Trotz des Lobliedes auf die digitalen Lernmedien ist es so, dass sich nicht alles in einem Erklärvideo oder einem E-Learning abbilden lässt. Das ist auch jedem Entwickler für digitale Lernmedien bewusst. Doch wie kann ich diese Inhalte an meine Zielgruppe bringen, ohne dass sich alle Personen in einem Raum befinden? Indem ich doch auf ein längeres Video zurückgreife. Ein Video, das mir erscheint, als würde der Vortragende direkt vor mir stehen und mir seine Folien erklären.
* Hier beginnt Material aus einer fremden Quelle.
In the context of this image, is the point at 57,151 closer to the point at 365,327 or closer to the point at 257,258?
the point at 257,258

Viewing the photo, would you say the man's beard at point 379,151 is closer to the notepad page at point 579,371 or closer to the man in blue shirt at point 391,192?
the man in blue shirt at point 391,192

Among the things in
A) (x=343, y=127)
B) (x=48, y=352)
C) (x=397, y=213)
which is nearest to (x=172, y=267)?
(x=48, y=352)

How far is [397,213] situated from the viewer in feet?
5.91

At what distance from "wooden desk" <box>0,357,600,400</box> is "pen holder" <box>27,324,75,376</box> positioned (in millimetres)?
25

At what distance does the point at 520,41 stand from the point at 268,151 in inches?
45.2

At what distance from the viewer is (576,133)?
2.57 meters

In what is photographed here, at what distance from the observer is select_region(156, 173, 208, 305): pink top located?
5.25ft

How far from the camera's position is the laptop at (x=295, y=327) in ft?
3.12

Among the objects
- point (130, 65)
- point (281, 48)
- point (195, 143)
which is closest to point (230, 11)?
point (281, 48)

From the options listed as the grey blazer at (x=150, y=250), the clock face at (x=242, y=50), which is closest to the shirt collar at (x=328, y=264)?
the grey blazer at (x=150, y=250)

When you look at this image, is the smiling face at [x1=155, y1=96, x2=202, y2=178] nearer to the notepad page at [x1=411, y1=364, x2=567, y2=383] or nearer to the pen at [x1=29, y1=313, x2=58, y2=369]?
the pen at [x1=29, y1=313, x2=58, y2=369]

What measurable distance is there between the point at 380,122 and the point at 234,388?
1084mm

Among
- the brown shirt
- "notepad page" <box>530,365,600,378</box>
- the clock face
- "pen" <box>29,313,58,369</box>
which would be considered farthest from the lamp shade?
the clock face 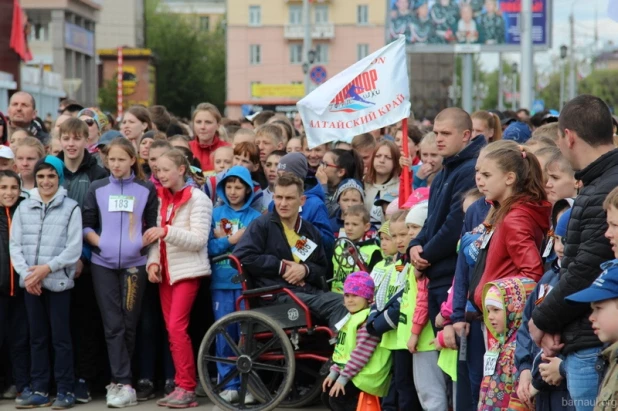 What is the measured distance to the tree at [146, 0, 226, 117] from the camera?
86.6 meters

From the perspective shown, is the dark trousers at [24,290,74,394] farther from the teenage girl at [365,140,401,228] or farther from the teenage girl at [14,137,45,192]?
the teenage girl at [365,140,401,228]

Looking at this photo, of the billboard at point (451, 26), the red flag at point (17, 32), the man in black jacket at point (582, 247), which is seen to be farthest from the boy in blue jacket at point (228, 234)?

Die Lösung in Zeiten von Social Distancing ist bei uns ein 3D-Filmstudio, das wir bereits vor der Corona-Krise erworben haben und jetzt so richtig gut nutzen können. Als Ergänzung wurde eine 3D-Kamera angeschafft, um die Erlebnisse noch hautnaher zu machen. Dieses kleine Filmstudio mit Beleuchtung, Green Screen, Teleprompter und einer professionellen Kamera benötigt einen Raum von rund 4 x 3 Meter und vor allem, geringe Kenntnisse der Filmproduktion. Man muss nur wissen, wo der Computer eingeschalten wird und schon führt einen das Programm durch einen ganzen Videodreh. In unserem eigens designten Studio hat man das Gefühl, dass der Vortragende direkt auf einer unserer Staumauern steht und uns mitten in der Natur sein Wissen mitteilt. Und so hat man doch ein wenig das Gefühl einer Präsenzveranstaltung.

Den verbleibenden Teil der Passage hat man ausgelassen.